**Given information:**
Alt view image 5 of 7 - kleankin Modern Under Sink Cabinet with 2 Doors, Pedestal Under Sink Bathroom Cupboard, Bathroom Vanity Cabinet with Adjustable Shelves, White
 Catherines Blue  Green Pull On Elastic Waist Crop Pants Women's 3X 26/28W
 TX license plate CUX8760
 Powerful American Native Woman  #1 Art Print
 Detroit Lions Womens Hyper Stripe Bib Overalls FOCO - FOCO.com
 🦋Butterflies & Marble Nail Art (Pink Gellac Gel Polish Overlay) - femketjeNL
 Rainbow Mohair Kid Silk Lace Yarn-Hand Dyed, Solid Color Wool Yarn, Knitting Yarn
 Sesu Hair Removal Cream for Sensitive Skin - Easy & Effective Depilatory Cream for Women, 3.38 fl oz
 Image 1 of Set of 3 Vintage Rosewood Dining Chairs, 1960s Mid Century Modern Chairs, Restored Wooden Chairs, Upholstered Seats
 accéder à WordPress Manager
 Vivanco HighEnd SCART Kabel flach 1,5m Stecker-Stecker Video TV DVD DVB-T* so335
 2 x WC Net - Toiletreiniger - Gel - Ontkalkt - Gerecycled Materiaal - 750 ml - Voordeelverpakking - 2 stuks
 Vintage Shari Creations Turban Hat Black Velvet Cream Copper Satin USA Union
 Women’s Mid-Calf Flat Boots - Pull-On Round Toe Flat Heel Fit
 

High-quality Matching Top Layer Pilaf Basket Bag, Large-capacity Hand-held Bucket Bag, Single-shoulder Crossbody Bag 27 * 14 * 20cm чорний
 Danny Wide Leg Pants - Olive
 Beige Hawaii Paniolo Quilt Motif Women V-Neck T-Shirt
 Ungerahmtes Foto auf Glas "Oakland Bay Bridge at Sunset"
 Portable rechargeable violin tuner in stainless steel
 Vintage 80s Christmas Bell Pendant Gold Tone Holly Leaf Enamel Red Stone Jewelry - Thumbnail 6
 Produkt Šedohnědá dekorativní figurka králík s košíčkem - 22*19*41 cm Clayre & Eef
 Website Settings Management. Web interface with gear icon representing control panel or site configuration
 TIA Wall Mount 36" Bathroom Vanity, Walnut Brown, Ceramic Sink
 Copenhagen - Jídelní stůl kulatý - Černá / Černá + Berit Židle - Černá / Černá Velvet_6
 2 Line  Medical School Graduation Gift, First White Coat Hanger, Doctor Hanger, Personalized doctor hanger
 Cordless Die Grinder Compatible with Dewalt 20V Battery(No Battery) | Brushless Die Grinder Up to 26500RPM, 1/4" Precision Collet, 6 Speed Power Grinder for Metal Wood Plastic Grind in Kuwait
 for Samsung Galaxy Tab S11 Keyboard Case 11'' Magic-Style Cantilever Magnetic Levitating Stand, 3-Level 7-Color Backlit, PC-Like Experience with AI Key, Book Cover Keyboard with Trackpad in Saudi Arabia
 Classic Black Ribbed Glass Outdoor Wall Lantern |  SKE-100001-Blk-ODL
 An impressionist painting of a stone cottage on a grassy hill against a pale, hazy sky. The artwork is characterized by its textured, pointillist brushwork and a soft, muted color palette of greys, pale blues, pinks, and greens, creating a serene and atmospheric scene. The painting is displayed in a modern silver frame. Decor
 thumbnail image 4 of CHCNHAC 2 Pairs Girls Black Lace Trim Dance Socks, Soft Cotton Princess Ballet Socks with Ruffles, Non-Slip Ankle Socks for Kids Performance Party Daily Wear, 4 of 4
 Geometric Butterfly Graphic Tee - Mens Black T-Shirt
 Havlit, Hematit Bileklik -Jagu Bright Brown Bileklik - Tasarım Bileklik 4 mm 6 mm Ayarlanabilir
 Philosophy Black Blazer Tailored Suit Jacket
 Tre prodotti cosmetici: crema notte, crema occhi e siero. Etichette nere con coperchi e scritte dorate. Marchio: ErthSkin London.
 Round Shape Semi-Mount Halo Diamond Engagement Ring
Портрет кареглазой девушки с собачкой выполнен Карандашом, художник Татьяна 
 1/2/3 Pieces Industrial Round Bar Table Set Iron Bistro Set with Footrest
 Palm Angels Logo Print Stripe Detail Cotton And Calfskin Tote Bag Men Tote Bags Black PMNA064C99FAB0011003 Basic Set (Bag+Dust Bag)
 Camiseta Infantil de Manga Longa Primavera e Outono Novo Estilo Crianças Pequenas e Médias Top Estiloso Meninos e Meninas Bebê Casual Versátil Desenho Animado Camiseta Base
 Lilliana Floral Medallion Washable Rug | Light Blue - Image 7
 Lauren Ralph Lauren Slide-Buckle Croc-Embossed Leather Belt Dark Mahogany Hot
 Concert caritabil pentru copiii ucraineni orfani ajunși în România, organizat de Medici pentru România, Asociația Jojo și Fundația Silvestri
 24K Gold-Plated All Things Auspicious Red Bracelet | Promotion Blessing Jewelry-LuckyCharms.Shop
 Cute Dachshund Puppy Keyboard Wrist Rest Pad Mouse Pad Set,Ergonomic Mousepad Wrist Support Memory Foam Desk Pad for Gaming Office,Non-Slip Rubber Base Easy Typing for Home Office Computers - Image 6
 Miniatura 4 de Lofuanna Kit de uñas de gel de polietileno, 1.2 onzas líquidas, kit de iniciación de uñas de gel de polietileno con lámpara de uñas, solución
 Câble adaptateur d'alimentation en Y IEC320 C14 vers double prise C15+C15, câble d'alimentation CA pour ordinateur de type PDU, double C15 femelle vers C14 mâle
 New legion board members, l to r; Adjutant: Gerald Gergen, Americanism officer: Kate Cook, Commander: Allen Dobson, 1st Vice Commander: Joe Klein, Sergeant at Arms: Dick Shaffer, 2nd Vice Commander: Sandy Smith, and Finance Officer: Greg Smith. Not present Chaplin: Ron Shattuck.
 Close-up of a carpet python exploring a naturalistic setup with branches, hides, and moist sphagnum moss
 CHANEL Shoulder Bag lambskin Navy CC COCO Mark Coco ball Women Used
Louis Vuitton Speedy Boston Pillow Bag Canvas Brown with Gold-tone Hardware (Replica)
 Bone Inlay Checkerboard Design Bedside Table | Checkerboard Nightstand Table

**Task statement:** Number of lines in the records above holding the word "Print": state it and nothing else.

**Written answer:** 2